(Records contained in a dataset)

<<<<

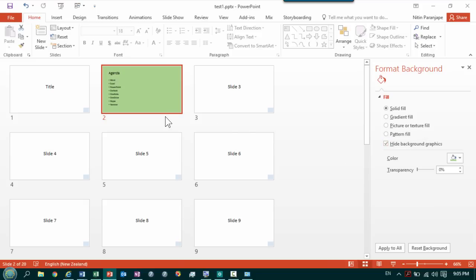Right now I have taken an example of just one agenda slide, but in real life it could be any key slide or slides. Follow the same method for each slide.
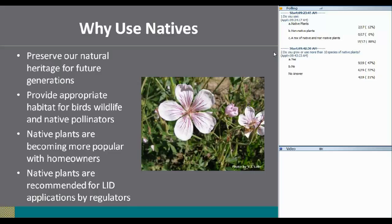Native plants are becoming more popular with homeowners. The dry summers here are similar to those in the southwest — in Denver, xeriscaping is a real big thing because of lack of water in summer, and they are going to native plants. And the reason that we're really here is that native plants are recommended for LID applications by regulators.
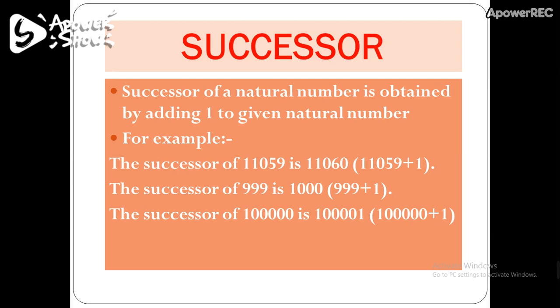In this way, you can find the successor of any natural number — just add 1 to the given natural number, and the new number you obtain is known as the successor.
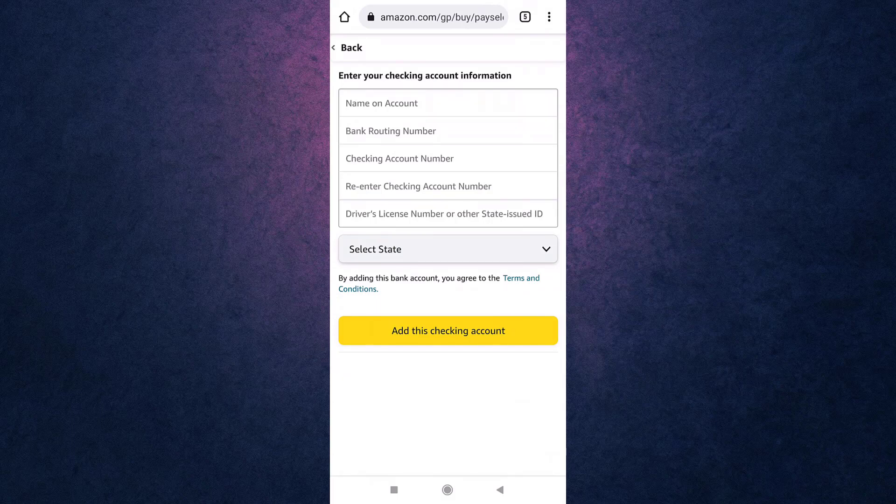When you are done, tap on the yellow tab that says Add This Checking Account. This way you can easily order on Amazon.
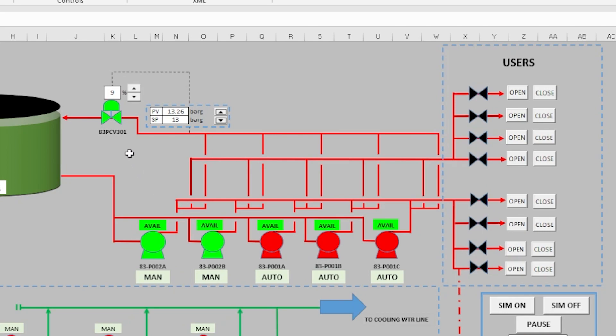Then this 83-PCV-301 is the one controlling the pressure of the loop. We can adjust low or high for the set point based on your requirement.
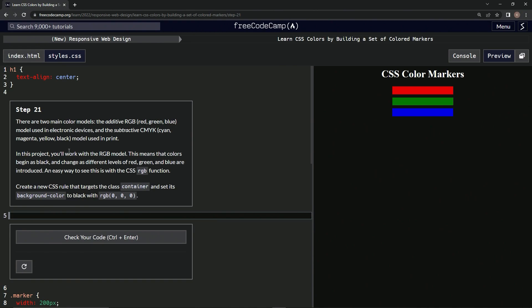In this project, we're going to be working with the RGB model. This means that colors begin as black and change as different levels of red, green, and blue are introduced. An easy way to see this is with the CSS RGB function.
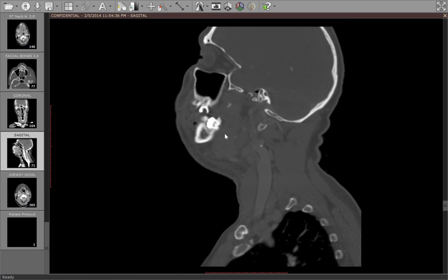So again, this is pericoronitis of a partially erupted third molar tooth with resultant sublingual abscesses and parapharyngeal edema with effacement of the airway. We'll see you next time!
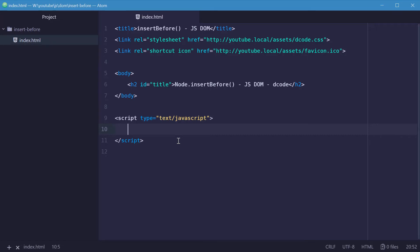How's it going guys? My name is Dom and today I want to talk about the node.insertBefore method in the JavaScript document object model. insertBefore allows you to insert a new node into an existing parent node before one of its child nodes.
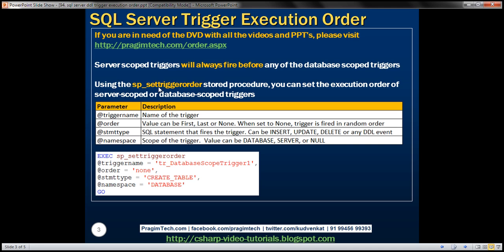This procedure has four parameters. The first is trigger_name, which specifies the name of the trigger. The second is order — the value can be 'first', 'last', or 'none'. If you set the value to 'none', the trigger fires in a random order. The third parameter is statement_type, which specifies the SQL statement that fires the trigger. For DML triggers it can be INSERT, UPDATE, DELETE, etc.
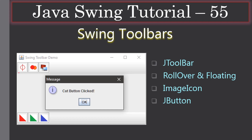We just implemented an event handler for only one button; the procedure will be the same for all other buttons. In this video you will learn how to use JToolbar Swing class to create a toolbar like this. We will look at the rollover and floating property of the toolbar. These are all the image icons we use to display in the toolbar, so we use JButton with an image icon. In the top toolbar you can see there are three JButtons with image icons, similarly in the bottom we have three more JButtons.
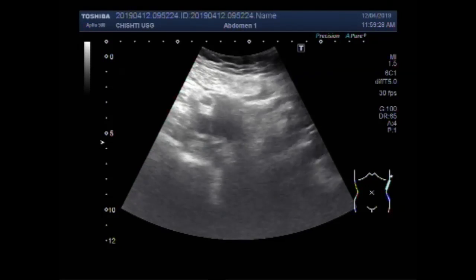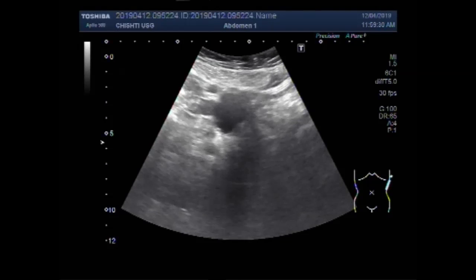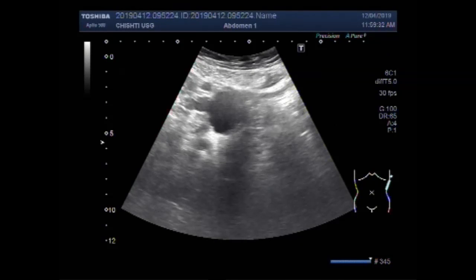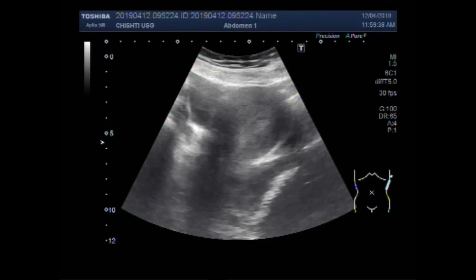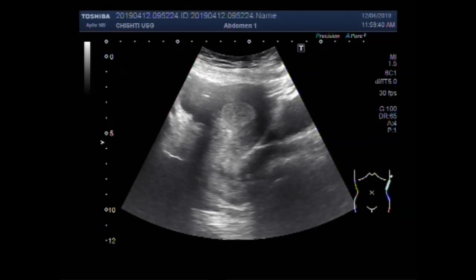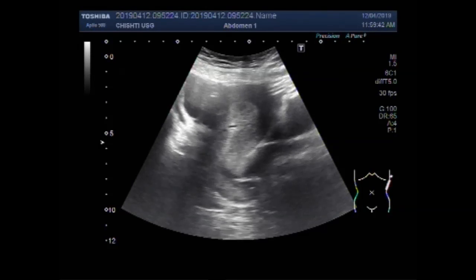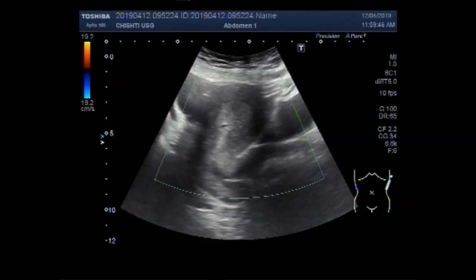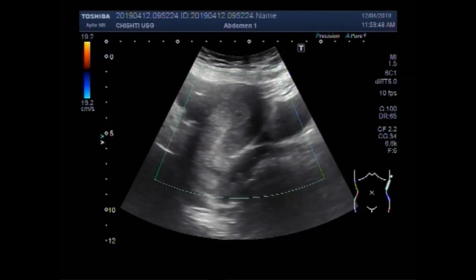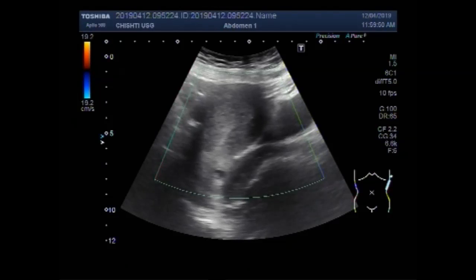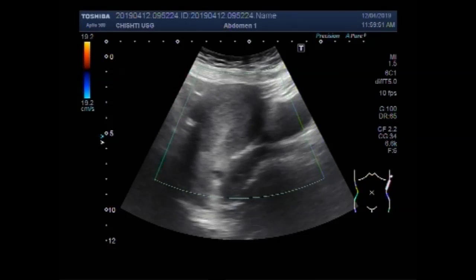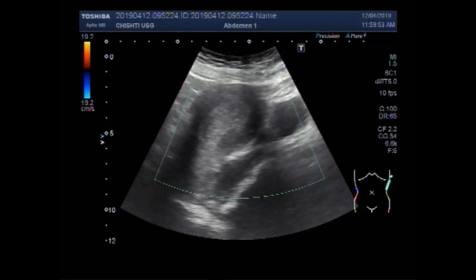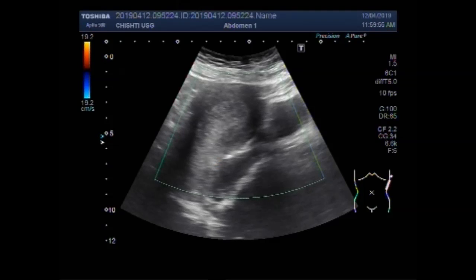You can also see a left ovarian cyst — this is the left ovarian cyst. Again you can see the polyp, and there is no significant blood flow seen in the polyp.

>>>>

Return the line containing "So again, this" and every line after it through the end of the records above, exactly and nothing else, but not the pictures.

So again, this is pericoronitis of a partially erupted third molar tooth with resultant sublingual abscesses and parapharyngeal edema with effacement of the airway. We'll see you next time!
How's it going guys? My name is Dom and today I want to talk about the node.insertBefore method in the JavaScript document object model. insertBefore allows you to insert a new node into an existing parent node before one of its child nodes.
This procedure has four parameters. The first is trigger_name, which specifies the name of the trigger. The second is order — the value can be 'first', 'last', or 'none'. If you set the value to 'none', the trigger fires in a random order. The third parameter is statement_type, which specifies the SQL statement that fires the trigger. For DML triggers it can be INSERT, UPDATE, DELETE, etc.
We just implemented an event handler for only one button; the procedure will be the same for all other buttons. In this video you will learn how to use JToolbar Swing class to create a toolbar like this. We will look at the rollover and floating property of the toolbar. These are all the image icons we use to display in the toolbar, so we use JButton with an image icon. In the top toolbar you can see there are three JButtons with image icons, similarly in the bottom we have three more JButtons.
You can also see a left ovarian cyst — this is the left ovarian cyst. Again you can see the polyp, and there is no significant blood flow seen in the polyp.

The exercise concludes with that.